With Corea's liquid electric piano lines leading the way, and augmented by atmospheric vocalist Flora Purim and husband Airto Moreira, bassist Stanley Clarke and horn/reeds player Joe Farrell, this quintet spun the elegiac webs of forward motion that lay at the core of RETURN TO FOREVER. The sumptuous title track is 12 minutes of spidery basslines, wordless chanting, floating piano clusters and light-as-air percussion. They close with the epic-length improv session "Sometime Ago--La Fiesta", where Corea works Airto's crisscrossing percussive patterns into amaze of carnivalesque keyboards and rippling bass, a fiery excursion into both the urban jungle and the lush Brazilian hinterland.


Customer Reviews

Fantastic5
This album has hardly left my CD player since I bought it - that was almost a month ago! This is a totally brilliant album that seems to have been quite overlooked. Corea's piano playing is sublime - he's got a very melodic style (rather like Keith Jarrett) and excellent improvisation skills. He reads the music and the other band members very well and the overall effect is of seamless playing by the the whole band. Having said that, Stan Clarke's bass is also excellent and the rest of the band really fits together.

I suppose this is classed as Jazz-rock but it's a million miles from say Bitch's Brew - far more structured and chilled out. Just buy it and make your own opinion up. Anyone with more than a passing interest in music of that style will appreciate it. I think it's great!

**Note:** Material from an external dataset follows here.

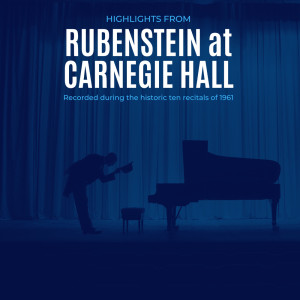 Artur Rubinstein的专辑Highlights from Rubinstein at Carnegie Hall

Not too good for all of us3
With great expectations I got this album. I'd never heard or read a bad review of it, I knew the musicians who'd played on it and loved most of their work. This was supposed to be an album that one couldn't help but love or admire. But its failed to ever really excite me.
There are interesting moments on the album, such as the climatic points of "Return to Forever", but the music also has a sickly sweet character to it. While this album is supposed to be making waves, the sound often masks what the musicians are actually doing in terms of breaking new ground. This is particularly shown in the 'Playful' "What game shall we play today". Perhaps I'm more of a fan of the harsh sounds that other fusion bands create like in Weather Reports "Mysterious Traveller", but the sounds in this album seem very plain.
Technically the album holds much weight as is to be expected, the songs are well crafted and the music itself is by no means bad. But, be warned, the album was not what I expected and as a result I continue to be dissappointed.

I am disappointed1
I am a classical music lover.

From view of the classical music fan, I think that present jazz is sluggish. I think I have a glimpse of the cause and reason for the depression of jazz music today through "Chick Corea - Return to Forever".

In the classical music field, Pierre Boulez appeared in Bayreuth in 1976, "Der Ring des Nibelungen" was conducted by him for five years, and Bayreuth was reformed. He practiced his insistence "The enemy of the classical music is a mannerism" and denied the past.

After that the classical music that was sluggish became interesting. The classical music comes to be familiar and now even a manga, of which heroine is a piano student at an academy of classical music, gets a hit in Japan (Nodame Cantabile). So it becomes easy to be familiar with the classical music to people who usually do not listen to music (in the 1970's, it was impossible.).

What has jazz done for these thirty years?

I am a John Coltrane's fan. I can find the meaning and value that he in fact denied jazz. However, the meaning and value cannot be found from "Return to Forever". After all I think that "Return to Forever" has neither broken the mannerism nor denied the past.

What is the difference of "Return to Forever" from the music that progressive rock band made in the 1970's? And what kind of progress (that can't be found in punk rock and new wave) can be found in listening to "Return to Forever"?

Percussions and CHICK COREA's electric piano find Santana.
JOE FARRELL's woodwinds remind King Crimson.
Lyrics make no sense.

01 Return to Forever beats like "Tarkus" of Emerson Lake & Palmer. FLORA PURIM shouts like YOKO ONO.
03 What Game Shall We Play Today is not at all other than pop music either.
04 Sometime Ago - La Fiesta STAN CLARK's wood bass solo has no power. He should learn Jimmy Garrison.